[Unison-hackers] Memory exhaustion issue (#1068)
Greg Troxel
gdt at lexort.com
Sat Nov 23 16:01:57 EST 2024
Michael von Glasow <michael at vonglasow.com> writes:
> Switching profiles should be sufficient – this created a new unison
> process on the server, while the old one gradually freed up its memory
> (but kept running).
Sorry, I guess I was unclear. I am not really looking for just
sufficient to make your case, but the simplest possible way to reproduce
the problem, expressed programmatically so that others can run it (after
reading the code to feel it is safe). So that's no GUI, no persistent
server, and everything in the profile to be synced created by the
script.
If it turns out that you need a persistent server, or you need a GUI,
that's how it is -- but it's also a huge clue.
For comparing with other people, I think it will be more useful to talk
about KB or MB of memory usage vs %. Lots of people will have different
amounts of RAM and other loads, although 1 GB such as RPI3 is pretty
common.
I personally am not interested in debugging anything older than 2.53.7
(or 6, but there is no reason to use 6 if you are compiling).

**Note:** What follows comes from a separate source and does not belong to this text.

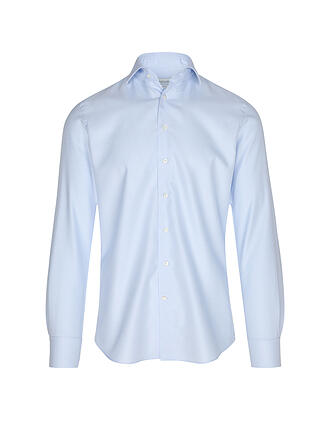 PROFUOMO | Camicia Slim Fit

(You are of course welcome to debug older versions, and it's fine for
others to help you with this on the list.)
> For now, here’s the results of my test series. I performed sync using
> the GUI, keeping it running between sync runs, over an SSH connection.
>
> I created test files with:
>
> dd if=/dev/urandom of=/path/to/testfile bs=1M count=SIZE_IN_MBYTE
> status=progress
>
> Each run comprised the following steps:
>
> * Create test file
>
> * Scan (only change being the test file)
>
> * Sync, while monitoring server resources with top (in an SSH session)
> and Webmin stats
>
> * Delete file
>
> * Sync again
>
> * Repeat with next test file
>
> Test file sizes were 160M, 1600M, 3200M, 6400M, 12800M and 16000M (in
> that order).
>
> Unison on the server stayed running and got reused for each sync. Memory
> usage increased near-monotonously.
>
> After the 3200M file, memory usage was at 4.1%. After syncing 6400M, it
> climbed to 5.7% (+1.6%). After syncing 12800M, it went to 9.1% (+3.4%).

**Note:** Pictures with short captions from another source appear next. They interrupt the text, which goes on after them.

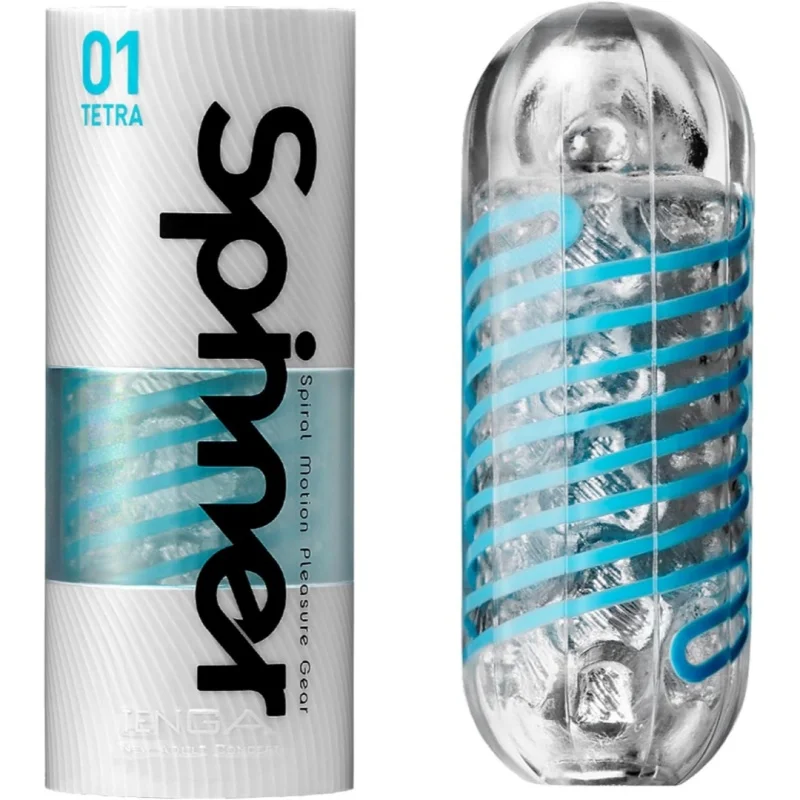 Tenga Adult Male Manual Airplane Cup Adult Sex Toy Penis Training Device Artificial Simulation Vagina Masturbator Tenga Adult Male Manual Airplane Cup Adult Sex Toy Penis Training Device Artificial Simulation Vagina Masturbator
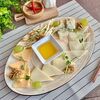 Сырное ассорти в Чайхана Азия Базар по цене 899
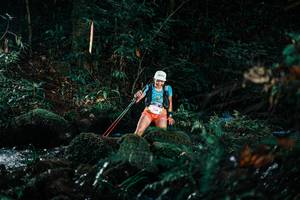 BIB: 
                            <button type="button" onclick="openModal(25232923)" class="btn btn-primary btn-sm float-right btn-popup" data-toggle="modal" data-target=".modal-high-quality">
                        <i class="fas fa-shopping-cart"></i> Add to Cart
                    </button>
                                            <button type="button" onclick="isThisMe(25232923, true)" class="btn btn-success btn-sm float-right btn-popup btn-isme hidden" data-toggle="tooltip" data-placement="bottom" title="นี่คือรูปของคุณใช่ไหม คลิกที่นี่เพื่อเอาเข้าอัลบั้ม">
                        <i class="fas fa-plus"></i> Add to album
                    </button>
                    <button type="button" onclick="isThisMe(25232923, false)" class="btn btn-warning btn-sm float-right btn-popup btn-isnotme hidden">
                        <i class="fas fa-ban"></i> Remove from album
                    </button>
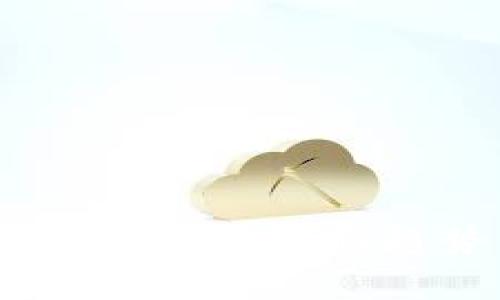 加密货币法律新条款：全球监管新趋势与对投资者的影响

> After syncing 16000M, it went to 14.6% (+5.5%). When reusing the
> connection, increases happened only when transferring a new files, never
> during rescan, deletion or post-sync scans on the server.
So it sort of sounds like memory is allocated proportional to the size
of the transferred file, and not freed.
And, that other memory uesd for scan/etc. is reused.

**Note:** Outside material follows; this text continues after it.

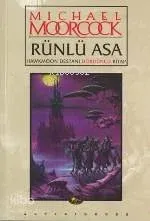 Rünlü Asa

>> It may be that your issue is profile size and the big file was just the
>> last straw, not the bug.
>
> Looks like profile size is a factor indeed. After scanning the big set
> of files, Unison uses 50% of available memory (during scan it oscillated
> between just below 45% and just above 60%). The rest of the system took
> up around 30%.
>
> However, if I wait for 2h between scan and sync, Unison on the server
> frees up most of its memory. If I start the sync, it jumps back to 60%
> by the time sync reaches 1%.
This seems like buggy behavior. It will be interesting to see if it can
be reproduced by a script, with 2.53.7, with ocaml 4.14, and then by
others.
> The archive file is 50M in size, the whole set of files is somewhere
> around 350G. That is somewhat large, but 50% of 1 GB would be 500M, ten
> times the size of the file – quite a lot IMO. And for a tool which can
> get that memory-hungry, it might be worthwhile to look into ways to
> reduce memory usage.
Sure, it would be worthwhile and I hope somebody does!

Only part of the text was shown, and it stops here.